I don't know, as I write, how the CIA director's fate will be disposed of. But I do know that the disposition of the case of his subordinate Max Hugel was almost cruel in its disruption of the gathering sense of doom and drama to be played out to a bitter end: professions of innocence and of victimization by a vicious press, matched by professions of undying loyalty and support from on high, leaks of damaging new information, hearings on the Hill, posturings, failure following protracted embarrassment. It seemed the least we could expect -- only it didn't happen that way. Departure followed expose in a matter of hours. Hugel was gone before you could say, "I'm proud of you, Bert" or I'm a thousand percent behind you" or "He is not a crook."

I know I am not talking about Reagan's being right here; that central judgement really isn't what it's about. I'm not even talking necessarily about his being smart in the sense of politically cunning. Reagan does surely seem to be that, but I think there are some other qualities that enable him so successfully and consistently to fetch up someplace other than where the conventional wisdom thinks he is headed at the moment.

One is a capacity to speak in a normal, familiar (from ordinary life), plausible voice. This gift, utterly rare in successful politicians at the top of their profession, can enable them to sound credible while saying the most incredible things. Reagan has it. Unlike 99 percent of his ambitious breed, he (and some of his top staff share this) does not exude anxiety or defensiveness or duplicity or aggression while he is speaking the most simple pieties. He sounds as if he means them. He will say homely things in a homely way that makes you believe they are authentic as an explanation of why he is doing something or of what he thinks happened or will happen.

"You tell me you're going to Minsk so I'll think you're going to Pinsk, when you really are going to Minsk -- so why do you always lie to me?" Thus the ancient joke. Ronald Reagan, however, really is going to Minsk and you never doubt it for a moment when he says so. You may not want to go with him (especially if we are to travel by MX missile), but that is another issue. To use our favorite word from high school, he sounds more "sincere" than anyone else in the room, and we are so starved for this we tend to forget that we aren't so crazy about the objects of his sincerity -- some of us, anyway. The result is that it is the commentators and observers generally who sound, in the classic manner of politicians, kind of tinny and contrived and implausible, responding to some timetable for slumps and comebacks and the rest, while Reagan stands outside their characterization of him and his condition.

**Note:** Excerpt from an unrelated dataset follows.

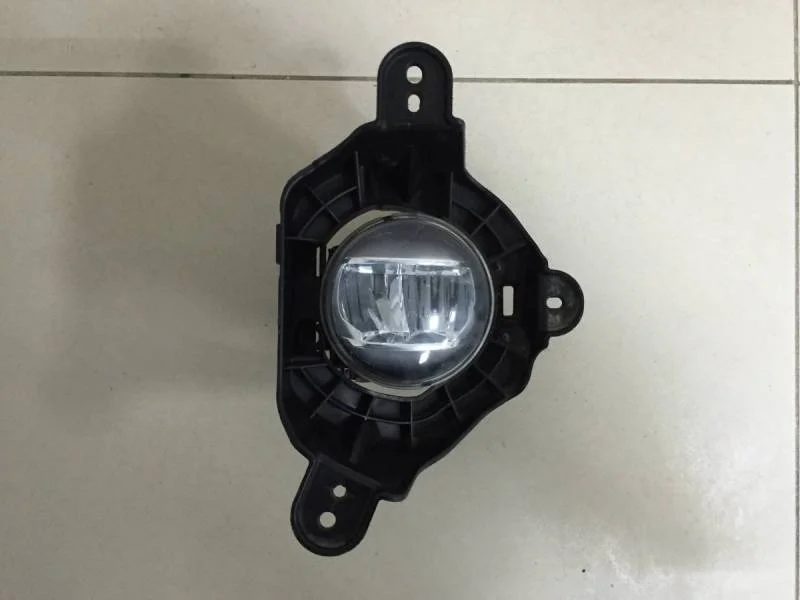 Фара противотуманная левая Toyota Land Cruiser (J200) 2015>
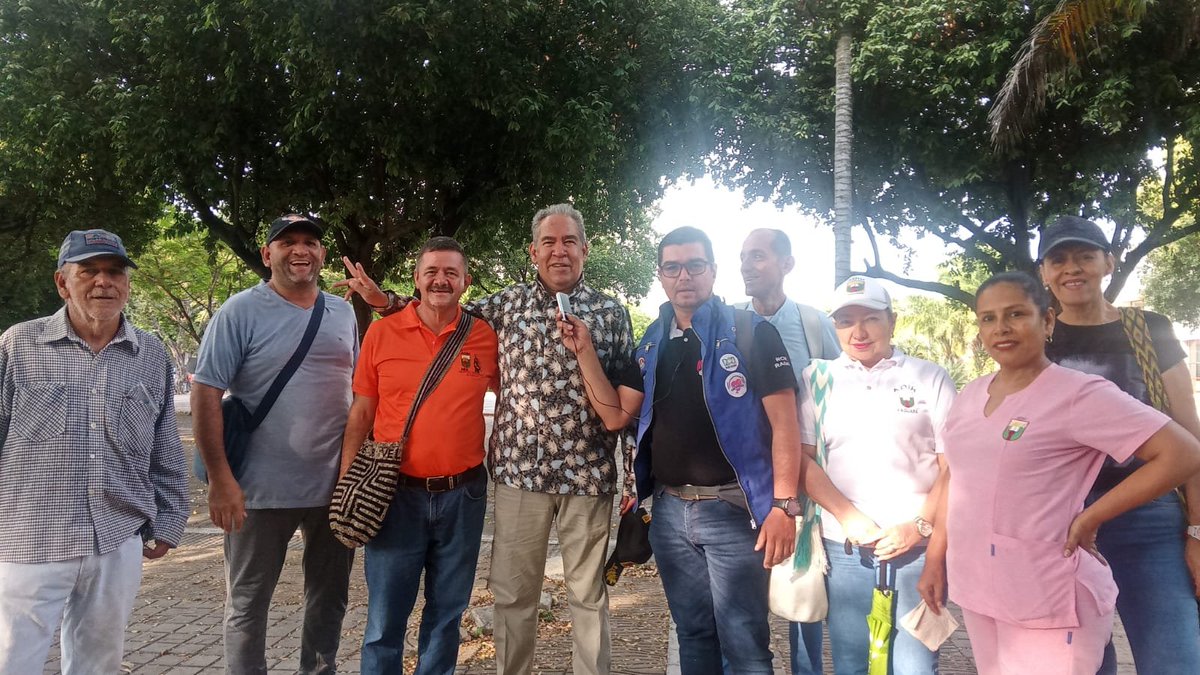 LaCarinosaNeiva's tweet photo. #AlertaNeiva 🚨 A esta hora inician las movilizaciones en Neiva para defender las iniciativas gubernamentales del presidente Gustavo Petro, como la reforma al sistema de salud, radicada en la tarde de este lunes. https://t.co/M0OHU3TONx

He is also agile, quick moving, good at surprise and at seizing the initiative -- witness the nomination of Mrs. O'Connor, the playing of Congress like a violin, the fact that he has stayed in charge of the debate and the politics of this town since he got here. During every administration at just about this time, we start worrying that there is no foreign policy or that the parts of it don't hang together. We are doing that now and he keeps interrupting with bulletins from someplace else or comparable disturbances that begin to make the criticism look empty and somewhat disconnected from the subject it is aiming to describe. (Does Reagan not understand that we need to get on with this no-foreign-policy business so we can complete it in time for the First Big Domestic Setback early in the fall?)

A Democratic senator told me the other day he thought Reagan's great talent was his manifest ability to say no. It demonstrated to people that he could govern, manage, be in charge. I can't say I'm very pleased with what Reagan says not to -- or yes. A great deal of the time it seems to me he's got it the wrong way around. But I know what the senator was saying. mReagan may yet slump, slide, be set back or plunge. But I don't think he will be like the others. He's too normal for that.